Here is the back of the Caorah Dubh sweater, pinned out on the blocking board.

I'm not sure if I'll ever be able to take a respectable photo of this color, but you can absolutely take my word for it:  My yarn rocks.

To describe knitting with my own handspun, I'll have to resort to a food metaphor:  If working with millspun yarn were a perfect hothouse tomato, dewy and chilled from the produce aisle, then handspun knitting would be standing in the garden, filching tomatoes off the vine.  They have blemishes, they are warm from the sun, and there is absolutely nothing else in the world quite like them.

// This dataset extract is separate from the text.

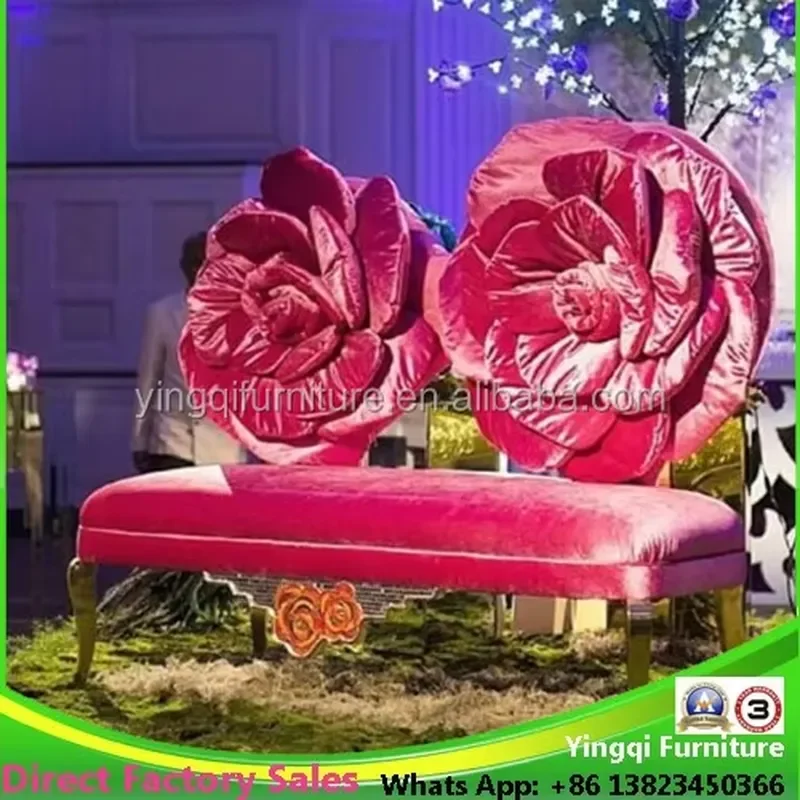 Romantic Flower Shaped Wedding Sofa for Bride and Groom Love Seat Decorative Furniture for Marriage Ceremony Photo Props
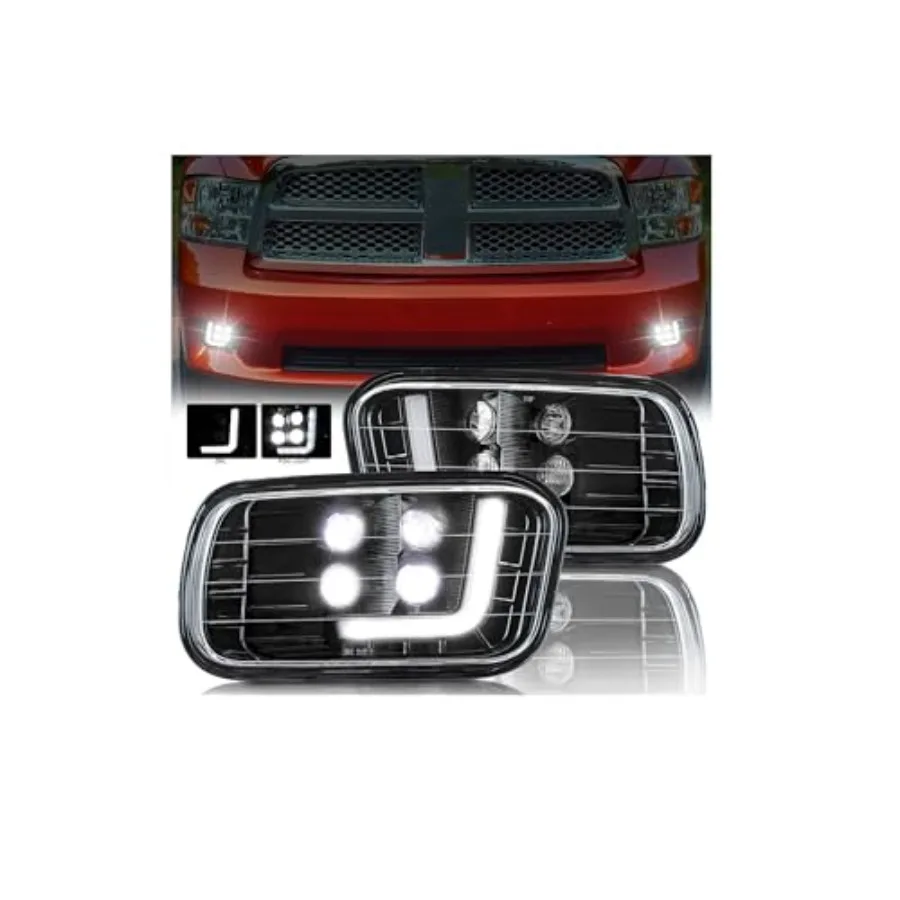 

Светодиодные противотуманные фары с L-образными ДХО для Dodge Ram 1500 09-12, бамперные противотуманные фонари, дневные ходовые огни для Dodge Ram 1500 2009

Make me this promise, Gentle Readers, even if you have no interest in learning to spin yourself:  Get hold of some handspun yarn, and make something from it.  You don't have to become a Master Gardener to appreciate a good tomato.  Just find the right garden.

 

The Results Are In

Many sincere thanks, Gentle Readers, for your words of opinionated wisdom,  What a clever and generous lot you are!  The winning candidate, based on your input, is "A".  Here is another shot of it, in natural light.

"A" would like to thank its many supporters, and promises to remain both deep and sophisticated, at least through the first few washes.

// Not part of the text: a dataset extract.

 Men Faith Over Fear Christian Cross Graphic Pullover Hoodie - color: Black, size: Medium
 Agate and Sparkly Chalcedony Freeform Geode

In other news, I'm leaving for a long, romantic weekend by the sea.  I'm taking someone very special with me:  Someone warm and dear, who has known me for quite a while, and who has been through so much with me that we have truly become soul mates:

I'm sure you all remember Caora Dubh, the 5-ply handspun.  Here is the very first swatch, with which I am pleased to distraction.  The sketch is my jumping-off point.  I have chosen some really pretty cables, and found some very special buttons, so I feel good about the direction we're headed, the String and I.  To say I have a crush on this yarn is putting it mildly.  Knitting with it is a sublime experience.  There are simply not words to describe the enjoyment.  I think we are going to have a really intimate and enlightening time together this weekend. 

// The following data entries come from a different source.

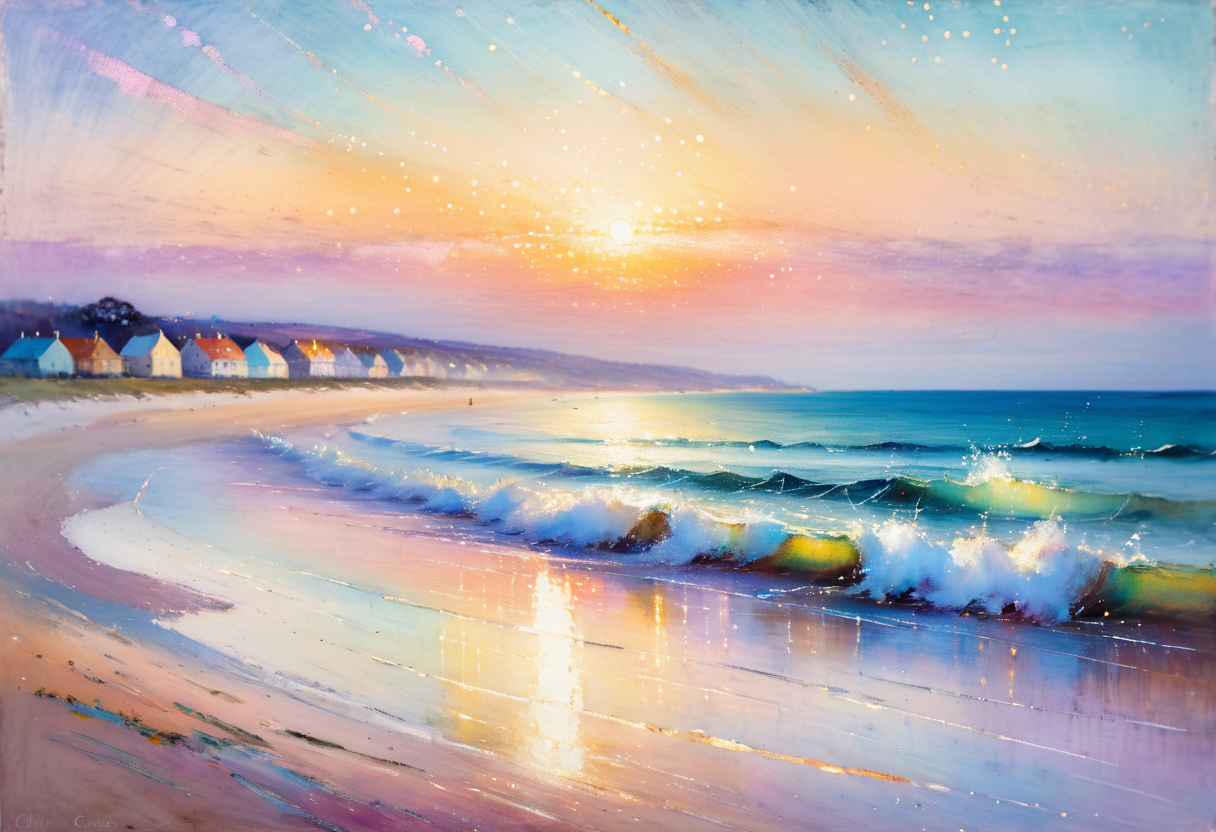 Pastels artwork, seaside scenery style of charles conder, fantastic lighting, masterpiece, high quality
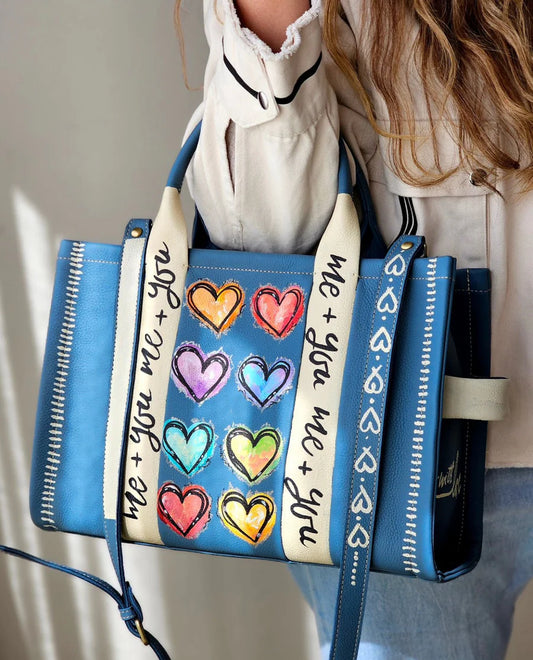 Large Tote Bag Blue X Hearts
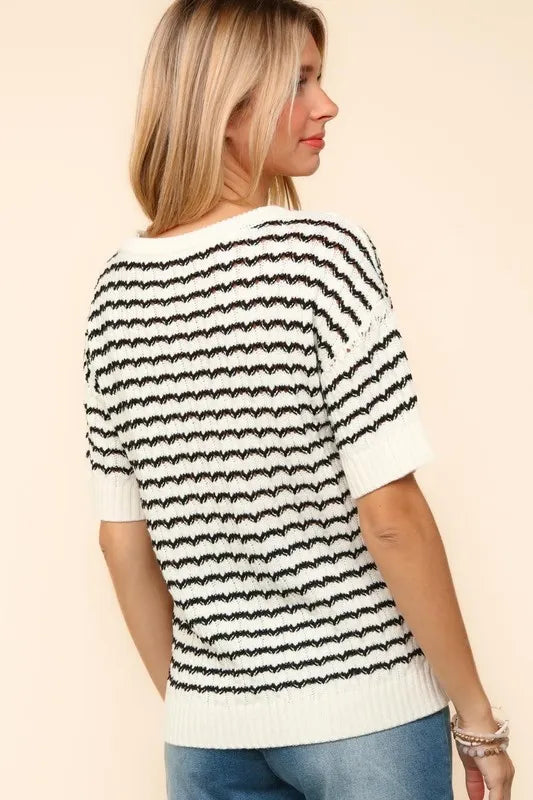 Haptics Openwork Striped Round Neck Half Sleeve Knit Top - Brittney MADE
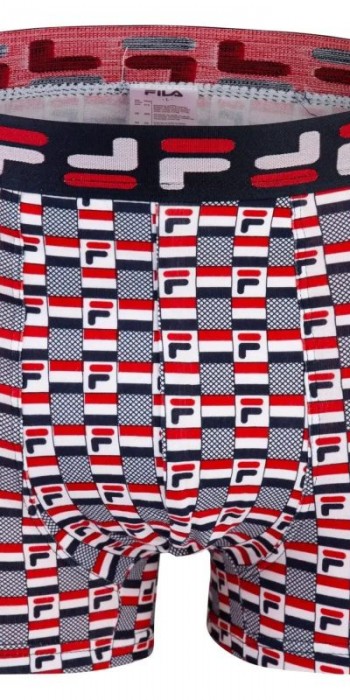 Ανδρικό fila boxer λευκό με μπλε και κόκκινο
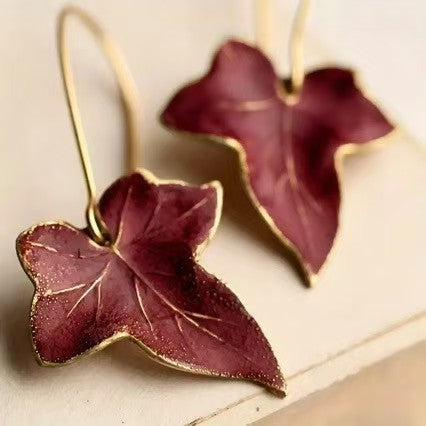 New Hot Selling Green Maple Leaf Minimal Earrings, Retro Bohemian Stylish Personality Trend Jewelry, Party Statement Ear Ornaments For Women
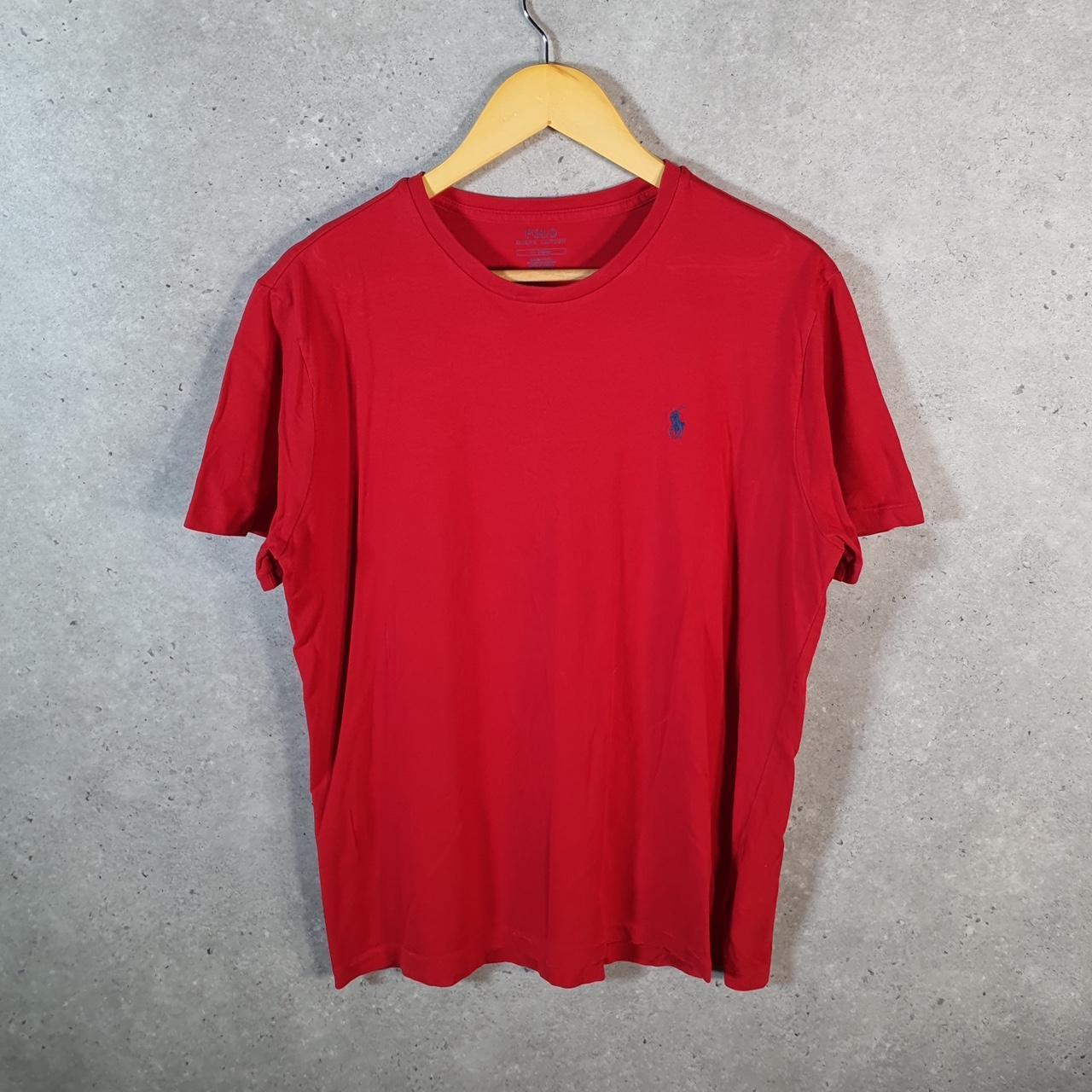 Vintage Ralph Lauren Polo Sport T Shirt Men’s Medium Red Classic Fit Embroidered Pony C8632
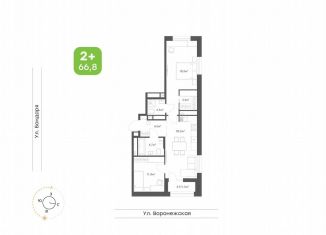 Продам 2-комнатную квартиру, 66.8 м2, Хабаровск, Воронежская улица, 171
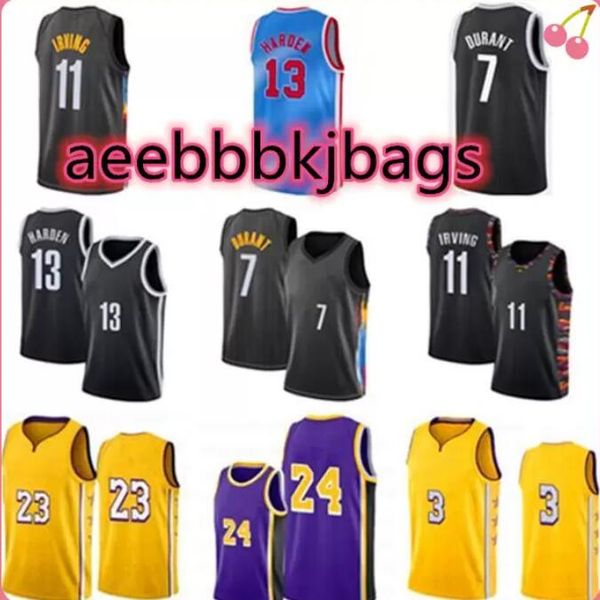 

7 kyrie 11 kevin 11irving harden 7durant basketball jerseys anthony 3 davis los 23 angeles scottie 8 dennis biggie pippen rodman kyle 0 k, Black;red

Sure hope my husband and children being there won't wreck it.

Delicious Dilemma

A surprisingly challenging thing I find about designing handknits is how often I have the urge to backseat drive, where yarn colors are concerned.  Yarnmakers have mad skills that I can only dream about, and the colors they offer or don't offer are as much a part of their art as my designs are part of mine.  But sometimes, try though I might not to, I formulate an opinion of what sort of yarn I want, and then set about trying to find it.

Having the cart and horse in this unnatural order nearly always leads to disappointment.  It turns out that my ability to imagine a yarn in no way impacts the yarn manufacturers' desire to make one.

No, it's far better for me to see the available yarn choices first, and then concoct a design to go with them. 

So imagine my dread when I made this swell handspun yarn, and then was persuaded by a friend to go searching for a companion for it.  I knew exactly what I thought it needed, and despaired of ever actually finding it.  And then this shade card came!

Behold the choices!  Almost any of them would work beautifully!  In fact, there are not one, but three contenders:

Choice "A" is a deep, moody merlot.  Neither purple nor red, it floats in the netherworld in between.  "A" reads Dostoyevsky, listens to Chopin, and nearly always remembers its mother's birthday.

Choice "B" is a pure periwinkle, descended directly from Vinca Minor.  "B" is fashionably late to parties, has far too many friends, and a weakness for pulp fiction.  "B" wears cultured pearls to the dentist.

Choice "C" is the sour apple that makes your jaw ache before you've even tasted it.  "C" cares not a whit for the opinions of others, wakes up appallingly early, and once lost an entire weeks' wages betting on the ponies.  "C" knows which fork to use, but usually goes for the spoon.

Which of these is your favorite, Gentle readers? Which would you take out for coffee?  Which would you introduce to your mother?  Which would you trust with a secret?  Thank you for weighing in!